Remaniement ministériel suscite des craintes pour les pêcheurs sud-africains

Le remaniement du Cabinet du président Cyril Ramaphosa le 12 novembre 2025 a remplacé le Dr Dion George par Willie Aucamp au poste de ministre des forêts, de la pêche et de l'environnement. Les petits pêcheurs craignent que ce changement retarde un examen crucial de la loi sur les ressources marines vivantes de 1998. Sous le mandat de George, les communautés ont fait face à un désengagement malgré les appels continus au dialogue sur les défis du secteur.

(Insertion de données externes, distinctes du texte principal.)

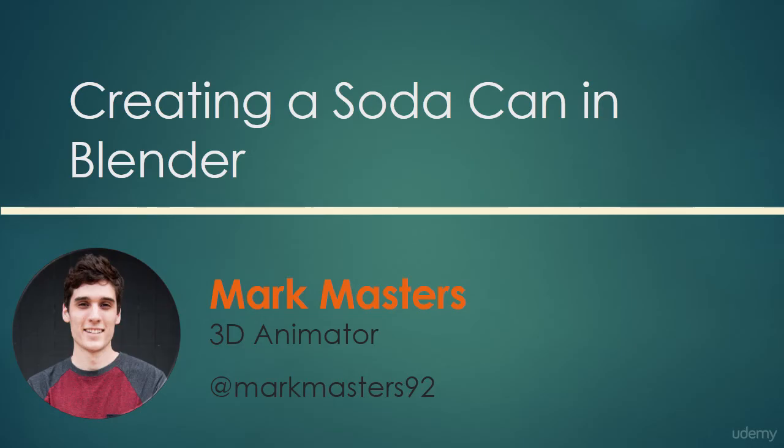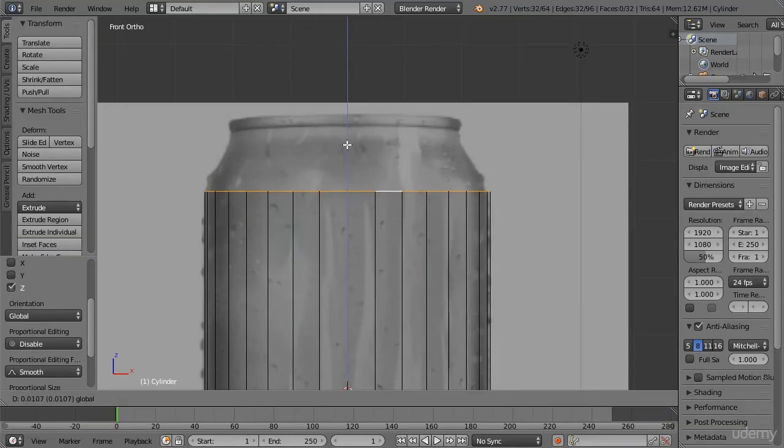Hi, my name is Mark Masters and not only do I have years of experience teaching 3D subjects at Digital Tutors, I'm also a full-time 3D animator and generalist currently working in the industry.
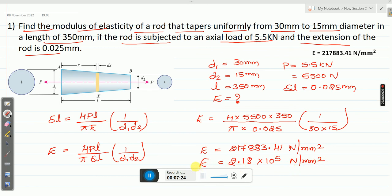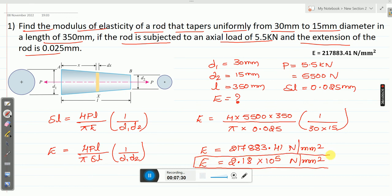This is the Young's modulus for the given tapering circular rod.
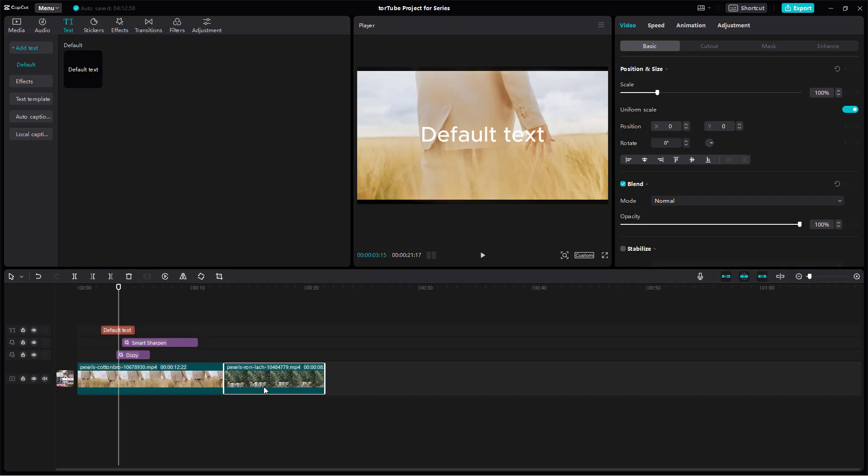You can turn on or turn off link inside of CapCut desktop editor. So I hope you guys learned something. As always, please like, comment, share, and subscribe.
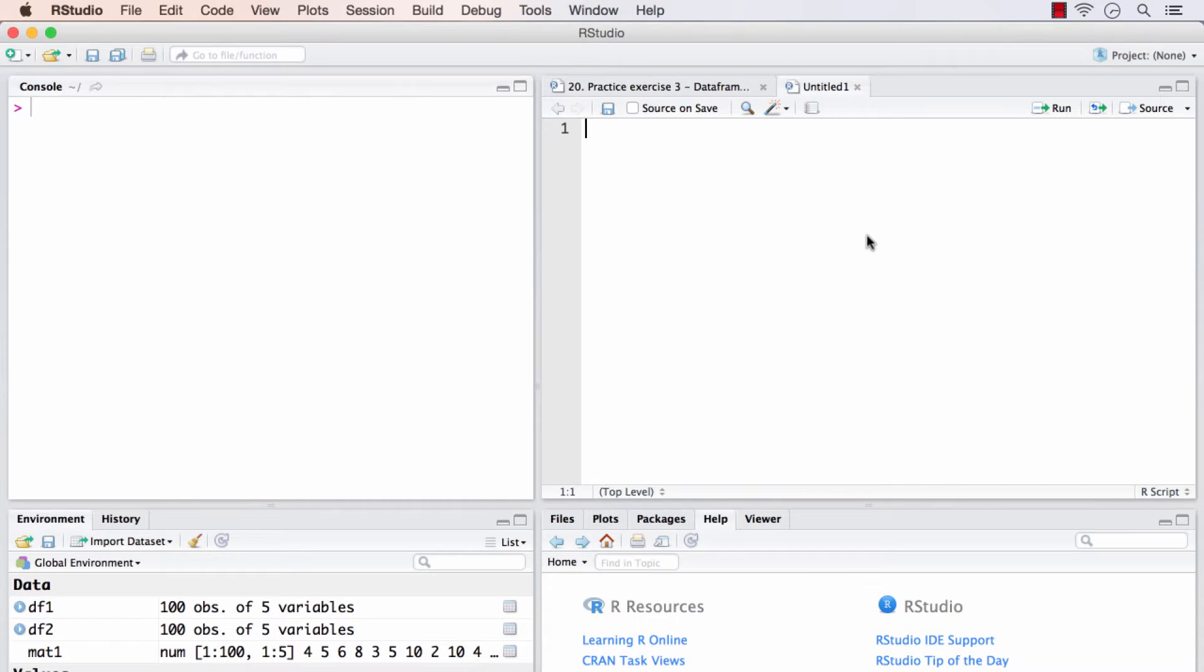In the previous video, we did a number of exercises based on a data frame that we manually created. In this one, we will use a data frame that comes inbuilt in R.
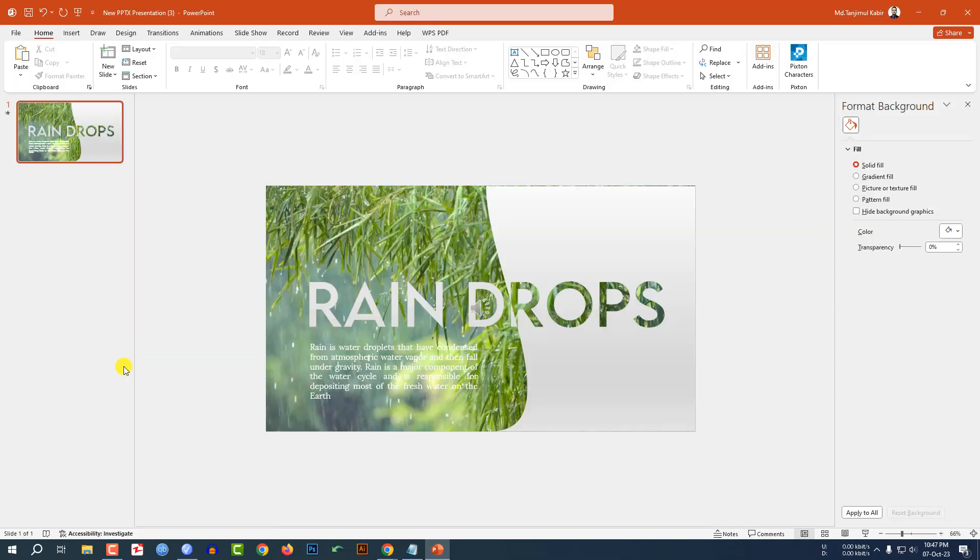Today we are going to show you how I made this beautiful slide in Microsoft PowerPoint. So if you want to be an expert, watch the video till the end.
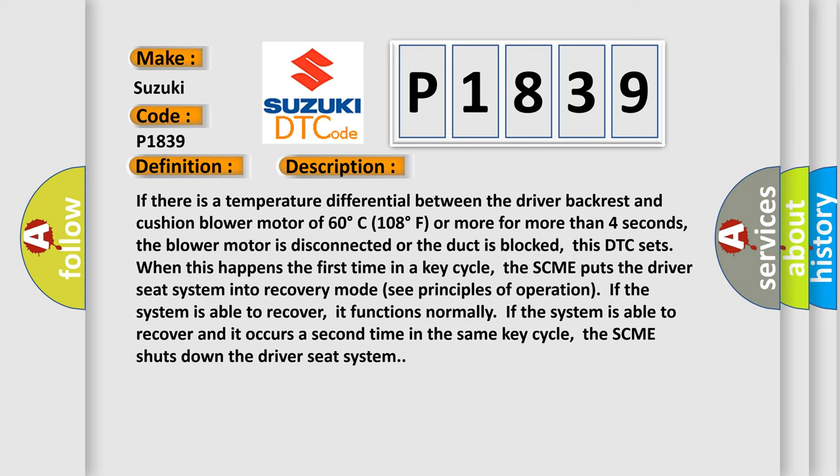If the system is able to recover, it functions normally. If the system is able to recover and it occurs a second time in the same key cycle, the SCME shuts down the driver seat system.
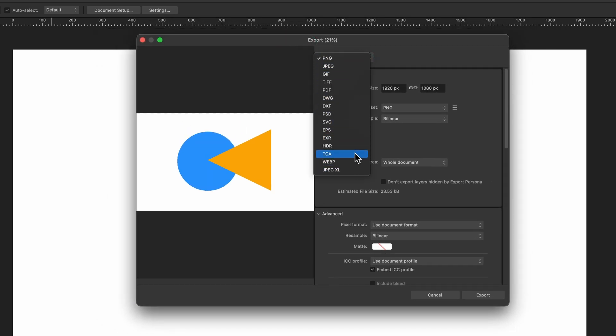Now there are many here but some of the most common ones are PNG, usually good for designs that might have transparent properties in it. We've got JPEG as well, very small.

Le remaniement a suivi une demande du leader du DA et ministre de l'Agriculture John Steenhuisen, qui a cité les mauvaises performances de George. La gestion des pêches sous George a été marquée par un manque d'engagement avec la société civile, y compris des appels répétés des communautés de pêcheurs et d'organisations comme Coastal Links South Africa, qui représente les pêcheurs traditionnels dans les provinces côtières. Le ministre n'a pas rencontré les petits pêcheurs ni abordé les défis du secteur, malgré des invitations à des événements clés.

En 2024, Masifundise et Coastal Links ont convoqué le Tribunal des peuples pêcheurs sud-africains, une étape importante qui a mis en lumière les violations des droits humains, a réfléchi sur plus de deux décennies de lutte et a célébré le rôle des petits pêcheurs dans la sécurité alimentaire et le patrimoine. Plus tard cette année-là, la Conférence des peuples pêcheurs a avancé la reconnaissance des droits des pêcheurs, mais George a refusé de participer, optant pour le silence plutôt que pour le dialogue. Cela a aliéné les communautés où plus de 60 000 personnes dépendent du poisson pour l'alimentation, les moyens de subsistance et l'identité culturelle.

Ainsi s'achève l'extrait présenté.